INTRODUCTION
I’LL LOSE WEIGHT BY CHANGING THE WAY I EAT THINK
Shifting Your Mindset
This book is about losing weight and getting healthier, make no mistake. But it’s not about what to eat. It’s not a diet book. There are no recipes, no sample weeks of meals, no food recommendations or restrictions, no claims about which foods will make you gain fat or shed it. Does that surprise you? When people are on a weight-loss journey, their first consideration is usually something like, What should I eat? What CAN I eat? Low-fat, high-fat, low-carb, high-protein, low-sodium, low-cal, high-fiber, Mediterranean, vegetarian, vegan, keto? Diet A or diet B? (Or diet C–Z?) I’ve seen this whether at WW (formerly Weight Watchers), where I speak to members face to face or virtually at workshops around the country and the world, or among the thousands of people I have treated in group or individual settings, or among those I have just met who learn what my profession is. Everyone is focused on what and how to eat. I get questions like, Can you really eat bacon and lose weight? Should I eat certain foods in combination? What’s better, avocado or kale? What foods start my metabolism in the morning? What are the top five foods for weight loss? I heard about [fill-in latest fad diet]—what do you think? People often want to be told what to eat.
Yet most people don’t need me, or anyone, to script a meticulous moment-by-moment, meal-by-meal eating plan for them. When given a food choice (eat this or eat that), people generally know which is healthier.
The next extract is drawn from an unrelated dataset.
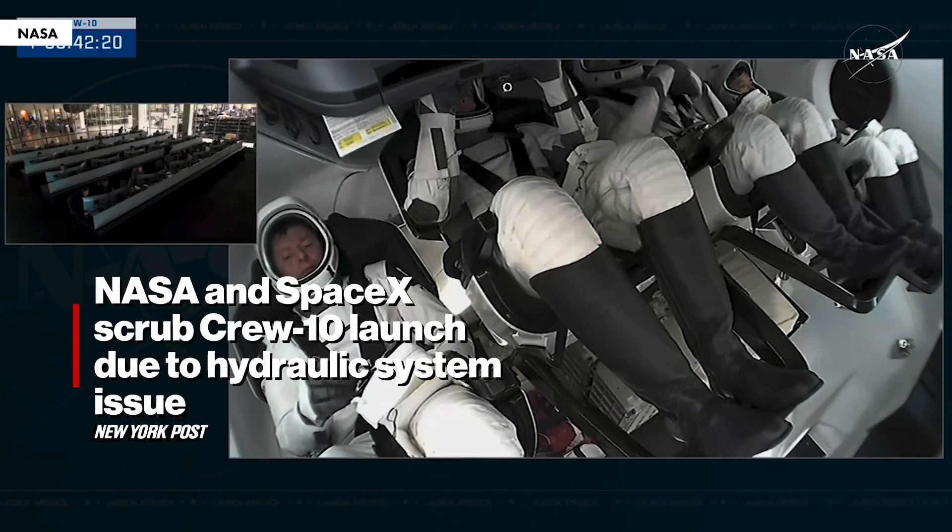We just got that update — unfortunately we are scrubbing for today's launch due to the hydraulic ground issue that the teams have been working. This will allow the teams to continue to troubleshoot and hopefully fix this issue for the next attempt for Crew 10.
This banana (big, small, whatever) or that banana split? Deep-fried or baked? More times than not, it’s clear. Sure, with a few foods, like dark chocolate or coconut oil, it’s not quite so obvious how beneficial or not they are for our health. For the most part, though, we know.
NAME THE HEALTHIER FOOD1
1. (a) ground beef
2. (a) whole wheat pasta
3. (a) banana bread
4. (a) potato chips
5. (a) roasted potatoes
6. (a) grilled fish
7. (a) half and half
8. (a) oatmeal
(b) chicken breast
(b) white rice
(b) banana
(b) orange
(b) french fries
(b) fried fish
(b) 2 percent milk
(b) pancakes
Despite this awareness, when people want to lose weight they focus on food, assuming there’s something they haven’t learned that an expert needs to tell them.
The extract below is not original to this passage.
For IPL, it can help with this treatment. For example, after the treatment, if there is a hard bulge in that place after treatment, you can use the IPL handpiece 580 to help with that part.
I get it. At the start of my career as a clinical health psychologist focused on obesity treatment, I assumed the same thing—food first, food last. But what I learned time and again through my work with my amazing patients was this: What you eat and how much, along with levels of activity, may seem to be all that count in weight loss, and they do count, of course—but without another crucial component, they will not add up to long-term weight-loss success.
That component is your mindset. How you think.
Look at mindset as having two parts: how you think about yourself and how you think about the journey you’re on.
The ideal way to think about yourself is to accept you as you are now; a great way to do that is to practice self-compassion (the subject of chapter 1). The ideal way to think about the journey is to think realistically, flexibly, and with the big picture in mind; one way to do that is by identifying and countering unhelpful thoughts (the subject of chapter 2).
Let me share how I became convinced that mindset is critical for any successful weight-loss journey, and why, without the proper mindset, any success will be fleeting.
After majoring in psychology in college, I wanted to head straight to graduate school to become a practicing psychologist, but I wasn’t 100 percent sure of my path. My advisor suggested that I first learn about the field, by doing research with psychologists. I looked for jobs at the University of Pennsylvania, in Philadelphia, about forty-five minutes from my home, and two positions caught my interest. The first was helping a researcher in family dynamics to better understand how family interactions impacted medical conditions like asthma, diabetes, and others. I’ve had type 1 diabetes since I was six years old, so the idea intrigued me. But the job involved watching and coding videotapes of family therapy sessions for eight hours a day. That didn’t speak to me.
The second position was in the area of obesity: A research group at Penn was focused on better understanding its causes and treatments. The work caught my attention, as did the way it was being conducted. Still, when I was offered the position with the obesity research group, I felt it was largely serendipity to find myself in that world. I had no previous interest in or meaningful knowledge of weight loss or obesity. I myself hadn’t struggled with those issues. My mom was overweight but not in a way that made a great impact on me or, as far as I could tell, on her. Back then, the prevalence of obesity in the United States was roughly 15 percent, not the 42 percent it is today. I confess with some shame that when I started in the field, I, like so many, held a simplistic, frankly prejudiced view of people who struggled with weight. Concepts like “willpower” and “discipline” were never far from mind. I wince to think I could ever have harbored such a misguided, hurtful, scientifically insupportable view.